Brief descriptive captions

= = =

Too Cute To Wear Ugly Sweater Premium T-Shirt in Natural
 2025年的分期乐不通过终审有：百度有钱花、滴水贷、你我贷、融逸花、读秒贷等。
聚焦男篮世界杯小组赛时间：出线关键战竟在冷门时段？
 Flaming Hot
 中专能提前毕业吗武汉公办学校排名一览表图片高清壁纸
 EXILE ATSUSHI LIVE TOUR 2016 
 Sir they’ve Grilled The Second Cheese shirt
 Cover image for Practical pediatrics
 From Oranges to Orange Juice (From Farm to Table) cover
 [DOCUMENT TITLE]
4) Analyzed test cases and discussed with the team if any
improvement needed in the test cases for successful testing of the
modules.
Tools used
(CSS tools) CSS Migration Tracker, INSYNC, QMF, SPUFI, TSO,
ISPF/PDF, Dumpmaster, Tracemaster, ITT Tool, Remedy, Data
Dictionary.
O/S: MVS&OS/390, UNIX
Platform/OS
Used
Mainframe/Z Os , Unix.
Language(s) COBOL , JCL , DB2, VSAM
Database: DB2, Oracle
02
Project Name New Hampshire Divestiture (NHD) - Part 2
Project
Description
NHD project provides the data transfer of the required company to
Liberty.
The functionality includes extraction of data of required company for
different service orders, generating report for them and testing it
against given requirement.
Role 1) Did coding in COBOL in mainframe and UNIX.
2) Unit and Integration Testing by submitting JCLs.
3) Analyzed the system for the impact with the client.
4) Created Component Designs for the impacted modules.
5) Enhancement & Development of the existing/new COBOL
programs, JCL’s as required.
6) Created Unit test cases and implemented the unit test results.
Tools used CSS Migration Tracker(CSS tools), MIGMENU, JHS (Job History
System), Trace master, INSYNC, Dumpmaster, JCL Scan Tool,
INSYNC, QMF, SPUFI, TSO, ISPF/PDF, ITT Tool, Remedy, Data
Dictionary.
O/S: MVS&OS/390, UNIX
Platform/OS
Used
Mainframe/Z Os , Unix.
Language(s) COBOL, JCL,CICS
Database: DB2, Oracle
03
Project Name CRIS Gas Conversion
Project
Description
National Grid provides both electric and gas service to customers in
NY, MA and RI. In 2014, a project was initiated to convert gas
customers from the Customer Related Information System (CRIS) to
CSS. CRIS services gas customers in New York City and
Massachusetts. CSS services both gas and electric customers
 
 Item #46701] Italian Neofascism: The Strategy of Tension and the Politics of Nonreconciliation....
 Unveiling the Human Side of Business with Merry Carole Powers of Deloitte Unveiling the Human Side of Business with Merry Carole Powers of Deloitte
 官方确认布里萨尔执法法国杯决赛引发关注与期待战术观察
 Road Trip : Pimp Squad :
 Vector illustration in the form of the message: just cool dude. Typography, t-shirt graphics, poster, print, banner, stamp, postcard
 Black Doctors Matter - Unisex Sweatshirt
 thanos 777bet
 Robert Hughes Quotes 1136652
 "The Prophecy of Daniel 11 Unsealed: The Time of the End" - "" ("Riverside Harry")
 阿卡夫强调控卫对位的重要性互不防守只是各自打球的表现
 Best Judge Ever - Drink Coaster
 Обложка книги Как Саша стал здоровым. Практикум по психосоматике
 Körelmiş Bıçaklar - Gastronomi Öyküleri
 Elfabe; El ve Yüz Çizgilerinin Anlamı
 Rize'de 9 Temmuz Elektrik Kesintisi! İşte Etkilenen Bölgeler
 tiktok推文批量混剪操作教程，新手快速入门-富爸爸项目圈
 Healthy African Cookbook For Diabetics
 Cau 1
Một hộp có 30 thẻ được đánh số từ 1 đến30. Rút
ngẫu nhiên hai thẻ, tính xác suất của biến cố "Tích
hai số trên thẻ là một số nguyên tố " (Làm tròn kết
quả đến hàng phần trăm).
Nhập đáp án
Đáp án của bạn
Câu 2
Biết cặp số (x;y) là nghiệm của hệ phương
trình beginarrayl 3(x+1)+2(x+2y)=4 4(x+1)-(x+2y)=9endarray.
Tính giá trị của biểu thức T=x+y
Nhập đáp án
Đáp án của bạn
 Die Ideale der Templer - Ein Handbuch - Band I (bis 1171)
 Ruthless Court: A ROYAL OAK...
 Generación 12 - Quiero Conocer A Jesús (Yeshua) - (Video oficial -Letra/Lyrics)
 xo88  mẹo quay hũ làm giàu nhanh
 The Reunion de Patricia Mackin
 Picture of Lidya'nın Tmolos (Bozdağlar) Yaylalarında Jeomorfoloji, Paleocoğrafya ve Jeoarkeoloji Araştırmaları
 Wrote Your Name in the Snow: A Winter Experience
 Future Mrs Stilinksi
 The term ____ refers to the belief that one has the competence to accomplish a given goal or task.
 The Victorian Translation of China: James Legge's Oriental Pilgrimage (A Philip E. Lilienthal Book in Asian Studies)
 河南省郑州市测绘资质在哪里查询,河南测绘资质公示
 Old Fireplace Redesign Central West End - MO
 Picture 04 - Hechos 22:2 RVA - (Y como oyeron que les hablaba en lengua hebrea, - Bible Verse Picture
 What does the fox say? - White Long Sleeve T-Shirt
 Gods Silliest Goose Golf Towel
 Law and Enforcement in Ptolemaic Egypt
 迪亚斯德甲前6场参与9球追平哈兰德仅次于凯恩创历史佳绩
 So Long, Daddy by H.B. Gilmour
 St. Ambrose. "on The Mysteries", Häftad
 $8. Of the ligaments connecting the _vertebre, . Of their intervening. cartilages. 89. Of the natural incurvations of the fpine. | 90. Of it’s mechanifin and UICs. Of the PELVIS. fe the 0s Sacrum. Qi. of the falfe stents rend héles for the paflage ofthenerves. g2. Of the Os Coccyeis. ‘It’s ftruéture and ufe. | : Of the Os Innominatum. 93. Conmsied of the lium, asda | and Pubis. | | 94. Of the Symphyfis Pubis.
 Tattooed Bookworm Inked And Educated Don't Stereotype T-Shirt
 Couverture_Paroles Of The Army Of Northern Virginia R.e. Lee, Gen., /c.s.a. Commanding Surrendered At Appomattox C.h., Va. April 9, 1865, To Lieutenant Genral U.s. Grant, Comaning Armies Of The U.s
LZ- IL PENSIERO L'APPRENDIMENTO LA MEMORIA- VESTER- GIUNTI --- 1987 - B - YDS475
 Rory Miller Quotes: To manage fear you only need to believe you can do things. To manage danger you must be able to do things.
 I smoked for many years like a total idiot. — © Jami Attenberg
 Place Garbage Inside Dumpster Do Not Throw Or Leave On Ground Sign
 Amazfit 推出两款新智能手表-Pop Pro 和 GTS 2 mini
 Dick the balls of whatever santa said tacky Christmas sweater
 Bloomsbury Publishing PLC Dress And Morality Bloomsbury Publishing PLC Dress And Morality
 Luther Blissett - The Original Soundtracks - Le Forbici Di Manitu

= = =

Pull every line holding "Analyzed" out of the records.

Final answer:
4) Analyzed test cases and discussed with the team if any
3) Analyzed the system for the impact with the client.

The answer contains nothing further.